Bumble and Athers help viewers pass late-night target
Late in the New Zealand evening last Monday, Michael Atherton remarked that it'd become difficult to watch proceedings against the low sun that was now piercing their commentary box.
Back in Ireland the dawn was just rising on Monday and it'd also become difficult to watch the proceedings. In this case it was for want of sleep, or a surplus of drink, or both. It had been a long day's journey into night.
And there was another reason why concentration was dwindling. It was the lack of competitive drama. Ireland, as Ian Botham had earlier remarked in the Sky Sports broadcast, were "cruising".
By the time Atherton and David 'Bumble' Lloyd had taken over microphone duties from Botham, Ireland needed just 22 more runs from 60 balls (10 overs) to beat the West Indies. It was their first match of the Cricket World Cup. The venue was Saxton Oval in the provincial town of Nelson, on the northern tip of New Zealand's South Island.
It is surely one of the most beautiful grounds in world cricket. Ringed by mountains, with the waters of the Cook Strait shimmering beyond, the Saxton Oval's pastoral charm appears to have been largely untouched by the heavy hand of corporate sport.
There were no great hulking stands. It was notably devoid of the electronic screens and hoardings advertising the usual global brand names. A few rustic sheds provided some cover for spectators. Instead of concrete terracing there was a grass bank around most of the pitch.
It was here that many of the Irish supporters sat or stretched themselves out in the glorious sunshine, cheering the latest boundary and throwing a few shapes when one pop song after another was blasted out on the PA at the end of every over.
With plenty of women and children also in the audience, it had the look and feel of a family day out, a summer country fair rather than a modern international sports fixture. And presiding over it all was a big blue sky with just a few white clouds way in the distance.
"Been a splendid day here in Nelson," purred Atherton, the former England captain, almost audibly loosening his tie and opening the top button on his shirt. "A lovely day, terrific day," agreed Lloyd, that most convivial of match commentators, in his rich Lancashire accent.
With the on-field action petering out to its inevitable result, Athers and Bumble went on verbal walkabout, in that grand cricket tradition, filling the longueurs with various digressions and yarns.
"We've had a tweet in telling us the best watering holes in Nelson," revealed Athers, apropos of nothing in particular. "The Spring & Fern, that's our recommendation."
And then, equally apropos of nothing, Bumble told us that Botham had already left the venue. "Beefy's gone of course, he's disappeared, he's got a pleasant drive." "To Queenstown!" replied a chuckling Atherton. "It's only nine hours," added Lloyd, wryly. "They're like mustard as well, the traffic police here in New Zealand," replied a ruminating Athers. "If you go a tick over a hundred (kmh), they pounce on you." "Yeah, they're very, very strict, and quite right too," agreed Bumble, agreeably. "Think Angus Fraser came on a driving 'oliday and 'ad 'is car taken off 'im," he concluded, unable to suppress a giggle.
Late in the innings Ireland wobbled.

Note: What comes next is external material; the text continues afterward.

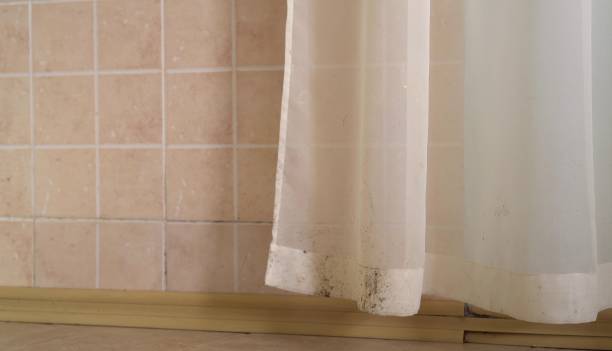 Best Mold Remediation for Healthcare Facilities  in Hill N Dale, FL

Balbirnie, Wilson and Kevin O'Brien lost their wickets in quick succession. O'Brien was run out due to a mix-up with his brother Niall, batting at the other end.
This later prompted a yarn in the commentary box. Niall and Kevin have played against each other in English county cricket. "(They) told me they like to sledge each other out in the middle," said Atherton. Which immediately sprung another anecdote from Lloyd. "Best sledge I've ever heard! Kevin came out to a county game and his brother was wicket-keeping. He (Kevin) is taking his guard, scratching his marker, and Niall said to Kevin, 'Me dad never liked you'. It's the best I've ever heard!" Athers, in reply: "Ha ha ha, ha ha ha."
Niall had at this stage executed another sumptuous strike to the boundary. "Oh what a shot!" gushed Athers. Watching it in slow-motion replay, Bumble's appreciation for the stroke was positively erotic. "Ohhhh! Digs deep. Deep in the crease and bends his knees - and four!" "Brian Lara would've been proud of that," added his partner in ecstasy. "It's a beautiful cover drive."
With the boys in green now just a few runs short of West Indies' 304 target, the pair fell to reminiscing about other famous Irish victories. Naturally the celebrated Sion Mills triumph in 1969, also against the Windies, got a mention. And this triggered a sort of Proustian reverie from Bumble about various holidays in Hibernia.
"It's one of the great spots, Strangford Lough, the Lobster Pot (bar and restaurant) at Strangford Lough. Down to Killarney. Golf. The Guinness oyster festival. Roy Dorrans there, he stops one or two going bad, does Roy. Enjoys his dinner." Athers, in reply: "Ha ha ha, ha ha ha."
It fell to the veteran John Mooney to hit the winning runs. The squad has since moved on to Brisbane where they will face the United Arab Emirates on Wednesday. It will be another tough shift for the fans back home.
We can only hope that Bumble and Athers will be there, to help us make it through the night.